→ **Available records**:
--- START ---
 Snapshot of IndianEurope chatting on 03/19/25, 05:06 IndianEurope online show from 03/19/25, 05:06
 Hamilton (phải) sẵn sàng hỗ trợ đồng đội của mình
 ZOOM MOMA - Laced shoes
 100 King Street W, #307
--- END ---
--- START ---
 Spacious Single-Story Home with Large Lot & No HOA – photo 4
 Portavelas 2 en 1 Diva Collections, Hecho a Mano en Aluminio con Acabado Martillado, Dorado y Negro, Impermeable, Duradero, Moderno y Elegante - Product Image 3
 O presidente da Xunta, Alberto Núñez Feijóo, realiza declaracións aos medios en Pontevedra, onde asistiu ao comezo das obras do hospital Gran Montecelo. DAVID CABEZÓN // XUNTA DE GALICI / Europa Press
--- END ---
→ **About this exercise**: Look back at the data above. Transcribe exactly the lines starting at the line that contains "Snapshot of IndianEurope" and ending at the line that contains "100 King Street W, #307".

→ **Answer space**:
 Snapshot of IndianEurope chatting on 03/19/25, 05:06 IndianEurope online show from 03/19/25, 05:06
 Hamilton (phải) sẵn sàng hỗ trợ đồng đội của mình
 ZOOM MOMA - Laced shoes
 100 King Street W, #307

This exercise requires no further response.